L'area postsovietica si allontana dalla Russia dopo lo scoppio della guerra in Ucraina
di Corrado Zunino  
Immagine inviata        

ROMA - Domenica scorsa a Chisinau, capitale della Moldavia, piccola nazione costretta ad essere ancora cuscinetto in questa trentennale transizione che ha toccato l'Est Europa dopo la dissoluzione dell'Urss nel 1991, Transnistria, diventata filorussa dopo la guerra dei due anni, teme per la tenuta di un altro pezzo della nazione, la Gagauzia, regione a sud della capitale dove vive una comunità di origine turca e le istanze autonomiste, già garantite dal Parlamento moldavo, sono molto forti. Lo scorso 31 aprile in Gagauzia si sono tenute elezioni politiche tra candidati esclusivamente rivolti veso Mosca e al ballottaggio del 14 maggio ha vinto Evghenia Gutul, candidata del Partito Shor dell'oligarca Ilan Shor, accusato di aver preso soldi dal Cremlino per organizzare un colpo di Stato a Chisinau e condannato a 15 anni di carcere per il furto di un miliardo di dollari dalle banche del Paese. Anche su quest'ultime elezioni locali vive il sospetto di brogli.

Traversata, quindi, da tensioni interne, la Moldavia si appresta a ospitare a Chisinau - sarà tra una settimana, giovedì 1 giugno - un summit della Comunità politica europea con 47 Stati partecipanti. Il vertice sarà focalizzato su tre argomenti: sicurezza, questione energetica e mobilità. Il messaggio che Ursula von der Leyen vuole inviare a Vladimir Putin, tuttavia, è quello di "creare una narrativa geopolitica occidentale che includa i Paesi partecipanti". Tra gli stati presenti ci saranno l'Ucraina (ancora non si sa se rappresentata da Volodymyr Zelensky), l'Armenia, l'Azerbaigian, la Georgia, la Turchia e i Paesi dei Balcani Occidentali.
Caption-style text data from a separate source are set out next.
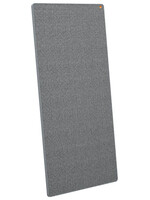 Nobo Tableau blanc et d'affichage Nobo Move & Meet 1800x900mm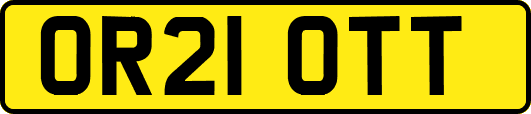 OR21OTT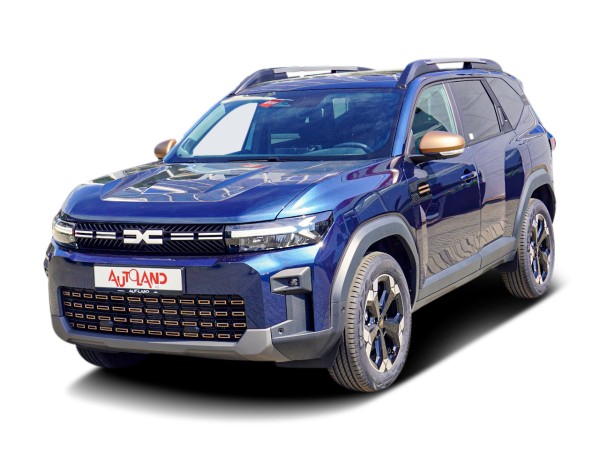 Dacia Bigster Extreme HEV 155 Aut.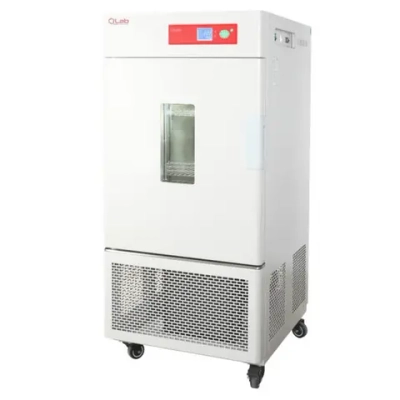 Термостат низкотемпературный CIP-HA65LSFR Clarity, 100 л, -10..+65°C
Ecco, la Georgia: un'altra potenziale preda della Russia, che l'ha sconfitta e disarmata nel 2008 in una guerra in grado di filiare gli staterelli filo-Mosca dell'Ossezia del Sud e dell'Abkhazia. Il Paese che ha dato i natali a Josif Stalin si sente perennemente minacciato e nutre, da tempo, la volontà interna di entrare nell'Unione europea: nel marzo 2022 è stato il premier Irakli Garibashvili a firmare la candidatura ottenendo tre mesi dopo, però, un fermo comunitario: Bruxelles non può accogliere un Paese che tiene in prigione uomini dell'opposizione politica. La Georgia, va ricordato, con i suoi poco più di tre milioni di abitanti è sulla linea di confine tra l'Europa e l'Asia. Tiblisi è sullo stesso meridiano di Teheran, portarla nell'Unione europea significherebbe estendere la Comunità decisamente a Est. Tra l'altro, anche il Piano d'azione Nato prevede di inglobare la Georgia.
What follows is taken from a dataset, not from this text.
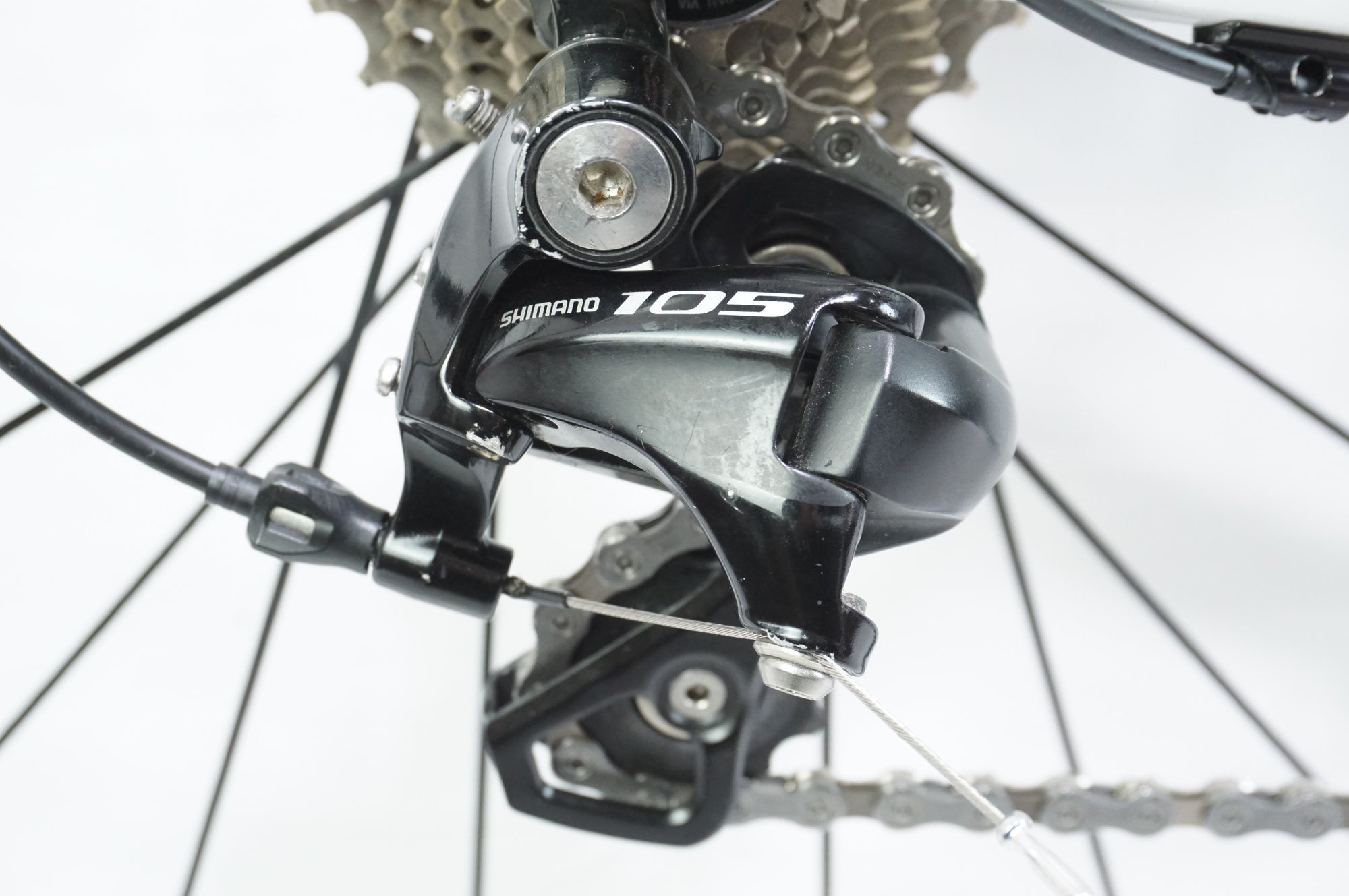 TREK 「トレック」 EMONDA S5 2015年モデル ロードバイク / 中目黒店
Dopo le adunate pro-Europa allestite con l'inizio della guerra in Ucraina sul Viale Rustaveli della capitale e la ribellione popolare dello scorso marzo per la legge contro le Ong straniere, in questi giorni i cittadini georgiani sono tornati in strada per protestare contro la ripresa dei voli diretti traMosca e Tiblisi, una settimana dopo che il Cremlino aveva inaspettatamente revocato un divieto che durava da quattro anni. Ecco, c'è una piazza che chiede l'Europa e leader di governo che devono invece tenere conto di un'economia zoppicante e la relazione fin qui necessaria con l'ingombrante vicino russo.
La situazione in una delle aree più instabili del mondo resta complessa, ma, certo, di fronte a un presidente della Russia che voleva riattrarre a sé una ex Repubblica (l’Ucraina) e minacciarne altre due (Moldavia e Georgia), è accaduto che tutte e tre le nazioni abbiano chiesto, dopo l’invasione, l’ingresso in Unione europea. Ucraina e Moldavia sono candidate a tutti gli effetti, la Georgia è candidata potenziale.
Con l’invasione ll'alba del 24 febbraio 2022 Putin voleva allentare la pressione della Nato a Ovest, iniziata nel 1997 con l’adesione all’Alleanza atlantica della Polonia, ma la conseguenza è stata che altri due storici Paesi occidentali, questi di ispirazione neutralista, hanno chiesto l’ingresso nell’organizzazione militare nordatlantica: sono Finlandia e Svezia. La prima l'ha ottenuta lo scorso 4 aprile. Hanno fatto richiesta di entare nell'alleanza l’Ucraina, nel 2008, la Bosnia Erzegovina e Il Kosovo nel 2022. Oggi la Nato ha 31 membri al suo interno e metà (14) sono Paesi che ruotavano attorno all’ex Unione sovietica.
A questo doppio ingrandimento – politico e militare – dell’Occidente, si aggiunge la velocizzazione sia del “processo europeo” che dell’"adesione alla Nato” nei Balcani ex comunisti. Erano tre i candidati all’Unione europea prima della Guerra in Ucraina: la Serbia, storico alleato della Russia, quindi Bosnia-Erzegovina e Montenegro. Il Kosovo lo è diventato nel dicembre 2022 e la Macedonia del Nord è osservatrice alle riunioni dell'Unione. A questo blocco dell'ex Jugoslavia va aggiunta l’Albania, nazione ruotante nella sfera post-sovietica. La paura nei confronti dell'aggressività di Putin ha spinto i singoli Paesi ad accelerare le diverse pratiche di adesione. Slovenia e Croazia, tra l'altro, sono già in Ue da tempo e quotidianamente distanti dalla Russia.
Un leader, Vladimir Putin, sempre più distante dall'Europa e che aspira a una Russia con un ruolo primario nel continente asiatico, nei quindici mesi di guerra ha conosciuto prese di distanza da parte di diverse, e ricche, ex repubbliche sovietiche dell’Asia centrale. Al processo di de-sovietizzazione del mondo iniziato nel 1991, nel 2022-2023 si sta affiancando quello di de-russificazione.